2″Mundus Imaginalis: or the Imaginary and the Imaginal” an essay by Henry Corbin about the cognitive, analytic, and poetic use of the imagination in a way just not commonly done.

3 Christopher D. Johnson, Memory, Metaphor, and Aby Warburg’s Atlas of Images, A Signale Book Cornell University Press and Cornell University Library Ithaca, New York.


In interpreting the frescoes of the Schifanoia Palace in Ferrara Warburg also took into account the study of astrological images present in a medieval arcane and secret book called Ghayat Al-Hakim (The aim of the wise), nowadays known as Picatrix. A very debatable book considered the summa of Hermetic magic. Marsilio Ficino contributed to spread Hermetism ideas into Renaissance. He named Prisca Theologia or pia filosofia, an archetypal, eternal, true, pure and only religion that can be traced in esoteric disciplines, Neoplatonism, Hermeticism, Jewish Kabbalah, esoteric Astrology and others sciences that have survived time and ages and apparently descend from Mythology. All those disciplines tend to create an unitary knowledge (the magic), imply a spiritual growth and want to harmonize, the earth, human beings and the cosmos by means of images. That’s what the Myth is: the kingdom of a far away time thinking that is still present as it is deposited under the layers of the history of humanity, in our knowledge and imaginary.

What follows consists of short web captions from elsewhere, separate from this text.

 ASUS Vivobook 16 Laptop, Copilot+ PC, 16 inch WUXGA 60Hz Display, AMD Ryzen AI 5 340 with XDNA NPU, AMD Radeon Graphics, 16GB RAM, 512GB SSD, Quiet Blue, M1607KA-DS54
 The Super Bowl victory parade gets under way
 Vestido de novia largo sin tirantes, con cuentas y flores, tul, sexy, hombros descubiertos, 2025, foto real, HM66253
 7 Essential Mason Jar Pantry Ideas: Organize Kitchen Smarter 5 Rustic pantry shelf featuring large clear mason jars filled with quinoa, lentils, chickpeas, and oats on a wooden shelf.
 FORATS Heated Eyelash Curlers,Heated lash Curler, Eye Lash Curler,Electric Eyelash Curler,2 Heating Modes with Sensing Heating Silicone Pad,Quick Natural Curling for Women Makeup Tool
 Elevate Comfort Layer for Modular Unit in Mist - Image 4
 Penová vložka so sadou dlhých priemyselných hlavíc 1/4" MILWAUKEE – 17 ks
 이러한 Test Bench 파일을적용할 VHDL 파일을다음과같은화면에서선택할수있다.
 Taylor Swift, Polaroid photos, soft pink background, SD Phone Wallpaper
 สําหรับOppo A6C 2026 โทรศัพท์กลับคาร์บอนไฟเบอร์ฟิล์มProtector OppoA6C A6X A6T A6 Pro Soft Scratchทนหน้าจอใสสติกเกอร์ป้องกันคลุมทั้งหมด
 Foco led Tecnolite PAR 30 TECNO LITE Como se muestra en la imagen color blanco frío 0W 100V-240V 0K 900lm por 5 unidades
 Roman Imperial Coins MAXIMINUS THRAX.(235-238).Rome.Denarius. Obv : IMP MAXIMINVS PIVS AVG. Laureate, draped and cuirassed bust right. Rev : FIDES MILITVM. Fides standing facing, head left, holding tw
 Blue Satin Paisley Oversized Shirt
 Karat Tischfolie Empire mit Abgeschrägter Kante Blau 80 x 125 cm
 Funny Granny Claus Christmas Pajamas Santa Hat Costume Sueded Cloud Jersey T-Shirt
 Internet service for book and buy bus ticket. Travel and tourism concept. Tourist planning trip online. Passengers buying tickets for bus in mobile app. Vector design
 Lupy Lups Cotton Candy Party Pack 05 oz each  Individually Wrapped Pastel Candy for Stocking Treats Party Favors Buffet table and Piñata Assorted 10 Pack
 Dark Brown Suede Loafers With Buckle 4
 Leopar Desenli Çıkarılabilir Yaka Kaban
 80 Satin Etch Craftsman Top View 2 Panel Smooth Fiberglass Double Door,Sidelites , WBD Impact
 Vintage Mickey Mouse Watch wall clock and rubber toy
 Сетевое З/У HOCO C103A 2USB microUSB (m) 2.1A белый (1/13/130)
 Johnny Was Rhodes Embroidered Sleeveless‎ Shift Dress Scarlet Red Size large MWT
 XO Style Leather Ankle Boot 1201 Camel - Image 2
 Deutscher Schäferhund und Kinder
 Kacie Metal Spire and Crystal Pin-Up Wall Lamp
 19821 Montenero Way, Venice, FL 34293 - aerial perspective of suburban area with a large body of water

Giorgio Barrera, La Montagna Colorata

There is a strong link between Warburg’s philology, the occult sciences, the Hermetic or Mythic theory and praxis. For example the thought-space (Denkraum) and the metaphorical distance are Warburg concepts that we can easily come across in those disciplines. The space-time connections that a man is able to undertake through images are more than fascinating. 4

For those who search and are interested in visual culture it is hard to think not to try to go back to the origin of the Myth and push themselves to explore the esoteric world. If so, it’s necessary then to be prepared to go backwards in those times and places where images were hard-edged: they arrived directly from the skies and from the powerful soul of nature without being filtered, as far as I know, by letters and words. In fact, at that time human beings were immersed and permeated by images and therefore there was no need for a logical interpretation (the way we do now), appearances weren’t physical things to discuss about: there was no separation between the subject and the object.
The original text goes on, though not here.